Is $\lnot p,$ the negation of a statement $p,$ just the opposite of $p,$ or is it anything but $p\;?$
For example, let's say $p$ = "None of the basketball players are blond".
Is $\lnot p$: "All of the basketball players are blond" (exact opposite of $p$)?
Or is $\lnot p$: "At least one of the basketball players is blond" (anything but $p$)?
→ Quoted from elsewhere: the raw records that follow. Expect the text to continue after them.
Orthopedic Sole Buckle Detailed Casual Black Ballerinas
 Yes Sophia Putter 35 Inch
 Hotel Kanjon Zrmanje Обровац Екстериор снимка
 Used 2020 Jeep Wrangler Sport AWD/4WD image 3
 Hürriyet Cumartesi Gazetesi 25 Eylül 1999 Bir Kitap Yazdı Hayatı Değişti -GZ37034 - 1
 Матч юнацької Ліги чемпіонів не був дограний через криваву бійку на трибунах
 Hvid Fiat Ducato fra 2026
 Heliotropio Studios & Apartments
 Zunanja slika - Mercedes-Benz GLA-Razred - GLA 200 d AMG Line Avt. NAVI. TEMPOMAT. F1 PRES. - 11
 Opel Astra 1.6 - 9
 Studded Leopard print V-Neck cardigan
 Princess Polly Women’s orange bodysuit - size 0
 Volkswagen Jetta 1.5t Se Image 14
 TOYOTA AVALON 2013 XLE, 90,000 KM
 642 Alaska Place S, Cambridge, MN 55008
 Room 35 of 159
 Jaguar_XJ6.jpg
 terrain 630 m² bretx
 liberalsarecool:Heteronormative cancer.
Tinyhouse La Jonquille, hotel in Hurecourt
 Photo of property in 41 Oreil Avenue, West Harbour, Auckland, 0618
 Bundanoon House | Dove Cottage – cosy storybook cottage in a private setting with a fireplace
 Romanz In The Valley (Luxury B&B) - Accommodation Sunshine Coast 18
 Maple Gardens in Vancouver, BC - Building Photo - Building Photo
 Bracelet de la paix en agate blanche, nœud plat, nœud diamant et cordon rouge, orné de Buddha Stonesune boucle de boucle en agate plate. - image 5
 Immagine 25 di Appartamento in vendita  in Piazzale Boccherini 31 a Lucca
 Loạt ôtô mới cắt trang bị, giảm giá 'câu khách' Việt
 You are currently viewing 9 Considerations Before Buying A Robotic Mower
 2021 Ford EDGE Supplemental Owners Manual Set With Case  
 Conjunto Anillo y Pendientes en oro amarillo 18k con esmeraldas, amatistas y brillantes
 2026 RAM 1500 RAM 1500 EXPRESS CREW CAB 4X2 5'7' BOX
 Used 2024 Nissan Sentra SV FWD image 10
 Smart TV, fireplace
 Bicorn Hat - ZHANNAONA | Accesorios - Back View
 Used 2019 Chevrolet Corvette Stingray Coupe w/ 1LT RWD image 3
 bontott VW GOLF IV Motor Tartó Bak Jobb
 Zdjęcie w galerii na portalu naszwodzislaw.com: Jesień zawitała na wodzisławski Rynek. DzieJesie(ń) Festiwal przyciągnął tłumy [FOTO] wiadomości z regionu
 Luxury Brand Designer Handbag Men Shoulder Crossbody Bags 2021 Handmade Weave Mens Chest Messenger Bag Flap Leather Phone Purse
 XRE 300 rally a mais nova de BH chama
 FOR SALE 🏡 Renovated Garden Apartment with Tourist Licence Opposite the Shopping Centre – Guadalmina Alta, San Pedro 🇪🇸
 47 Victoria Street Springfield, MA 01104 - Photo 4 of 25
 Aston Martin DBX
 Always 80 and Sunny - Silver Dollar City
A side question: what is the precedence of ∧ (and), ∨ (or), ¬ (negation), $→$ (implies), etc.?
On
One way to keep these two apart in your mind is to remember that $p$ and $\neg p$ (1) cannot both be true at the same time, and (2) cannot both be false at the same time (one of the two must be true in a given situation). Considering this, it is not possible to simultaneously have "all blond" and "none blond" (unless there are no players), but it is possible to have neither "all blond" nor "none blond" situations being the case, for example if there are some blond and others not blond. By contrast, "none blond" and "some blond" can not happen at the same time, and also one of the two has to be true (either there is a blond or there isn't). Thus "some blond" is the correct negation of "none blond".
Regarding precedence, usually $\neg$ has the highest precedence and $\lor,\land,\to$ compete for a lower predecence - I would not recommend relying on the precedence order of these and just bracket everything. But I think the most common convention puts $\land$ above $\lor$ above $\to$, so that $A\land B\lor C\to \neg D$ is $((A\land B)\lor C)\to (\neg D)$.
On
Consider any verbal statement. To negate it involves going back to its symbolic form, for example, $$\lnot P\lor(Q(x)\to\lnot R),$$ finding a symbolic sentence that has its opposite truth value no matter what meanings we assign to their atoms (here, there are three atoms: $P,Q(x)$ and $R$) and what set of objects we are discussing (here, $x$ varies over these objects), and finally translating the result to verbal form. In other words, negating a statement logically flips its truth value.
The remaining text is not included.